Good Oxygen Supply in Summer
A pond aerator also does an excellent job in summer. The saturation point drops as water temperatures rise. This means that as temperatures rise, less oxygen is dissolved in the water. As the fish are more active and you feed the fish, additional oxygen is needed. If there is too little oxygen, it can start a vicious cycle. Photosynthesis deteriorates. The water values become worse and worse. Your fish can no longer breathe well. If the water tilts, this means the death sentence for your fish.
It would be best if you thought of enough plants in your pond to produce enough oxygen. Once the saturation point is reached, the water can no longer absorb oxygen from the outside.
Functionality and Structure of the Pond Aeration
To use a pond aerator properly, you should know how it works. A pump pumps air through a hose into an aerator. The aerator pumps oxygen into the pond water. When it comes to pond aerators, you can choose from a variety of options. In addition to free-floating pond aerators, some models operate at the pond’s bottom and spray oxygen into the pond. The pond aerators that work at the bottom are more popular because they are not visible. They are described in this article. However, the free-floating pond aerators work similarly.
The pump of the pond aerators is available as a piston pump and a diaphragm pump. A piston pump can move large amounts of air. However, the disadvantage to the diaphragm pump is that it is noisier and also more expensive. A diaphragm pump can only deliver smaller quantities of air and is less costly. It is, therefore, more suitable for smaller ponds.

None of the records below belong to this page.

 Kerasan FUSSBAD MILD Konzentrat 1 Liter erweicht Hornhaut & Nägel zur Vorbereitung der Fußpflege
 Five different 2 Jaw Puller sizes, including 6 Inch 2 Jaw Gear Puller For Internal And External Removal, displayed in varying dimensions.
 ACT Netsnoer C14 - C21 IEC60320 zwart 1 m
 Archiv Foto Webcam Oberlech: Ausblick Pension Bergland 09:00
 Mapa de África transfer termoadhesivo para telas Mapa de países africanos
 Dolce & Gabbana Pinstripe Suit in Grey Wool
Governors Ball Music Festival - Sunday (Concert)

The air diffuser comes in different shapes and colors. It should pump the air bubbles into the pond water as finely as possible. The finer the air bubbles, the better the transition of the gas mixture into the water. Most often, the outlets are made of ceramic or plastic. Outlets made of ceramic are more resistant and easier to clean.

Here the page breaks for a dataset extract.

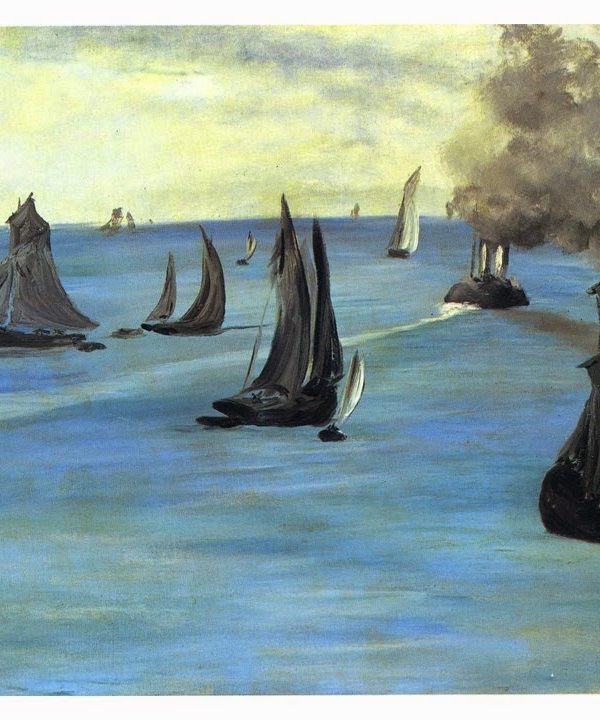 Steamboat leaving Boulogne by Edouard Manet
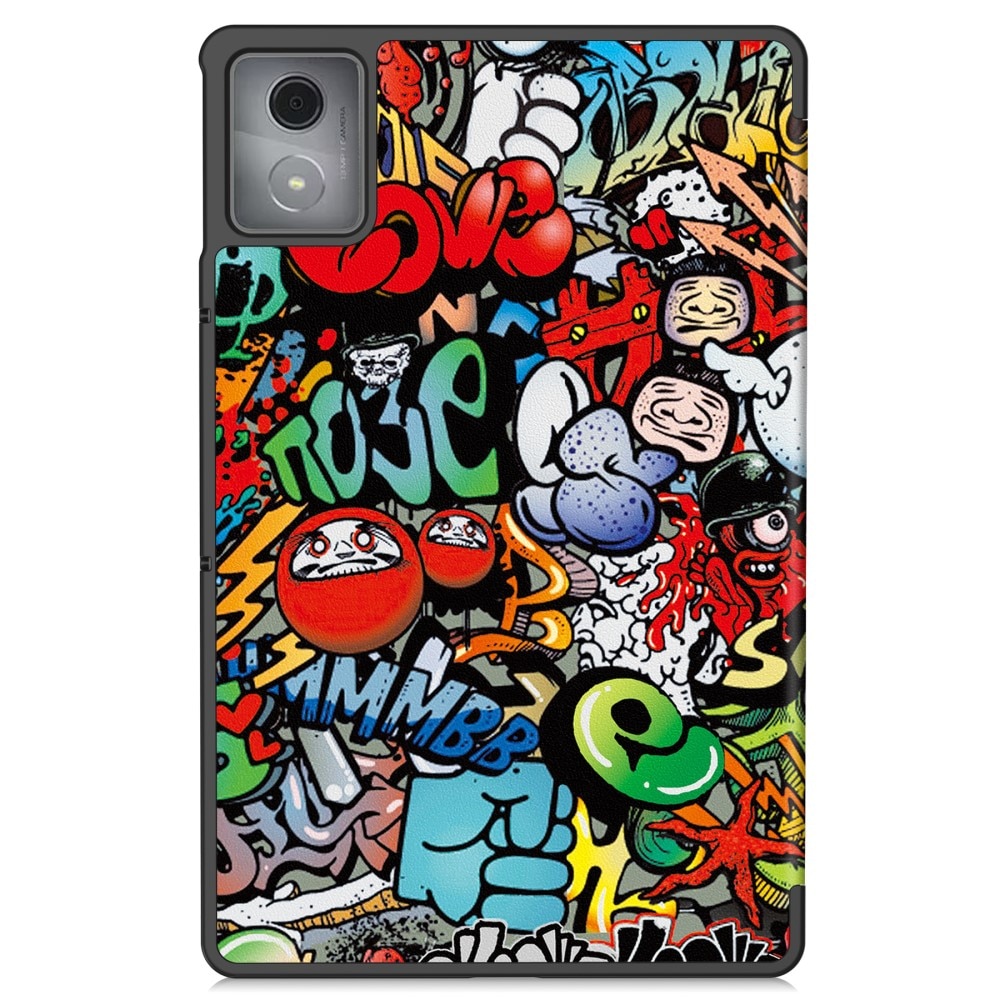 Husa tableta XGSM pentru Lenovo Tab K11 Plus, graffiti, suport, tripla protectie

When buying a pond aerator, you should make sure that no oil is required for its operation. You should also make sure that the noise level is as low as possible.

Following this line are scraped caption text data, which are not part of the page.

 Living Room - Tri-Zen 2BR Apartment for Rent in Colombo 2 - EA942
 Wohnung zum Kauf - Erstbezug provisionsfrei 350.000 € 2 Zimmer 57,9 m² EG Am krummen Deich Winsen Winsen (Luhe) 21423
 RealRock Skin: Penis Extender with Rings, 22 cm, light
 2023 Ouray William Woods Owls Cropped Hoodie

Selection of aeration depending on the size of the pond.
Which pond aerator you should choose depends on the size of your garden pond. Furthermore, it would help if you based your choice of strength on the number of fish you have and the plants present in the pond. You should also consider the type of food and the amount fed.
As a rule of thumb, the pumping rate per hour should be approximately one-quarter of the pond volume.
You do not need pond aeration if there are no fish in your pond and enough aquatic plants. The pond aeration supports the filter because the water layers are well mixed, and algae and dirt get into the filter better. It is, therefore, a wise investment. In the winter months, when there is a blanket of ice on the pond, you can use pond aeration to ensure oxygenation. In the summer, you will prevent the water from quickly becoming cloudy. When choosing pond aeration, you should be guided by the size of the pond, the number of fish, and the plants present.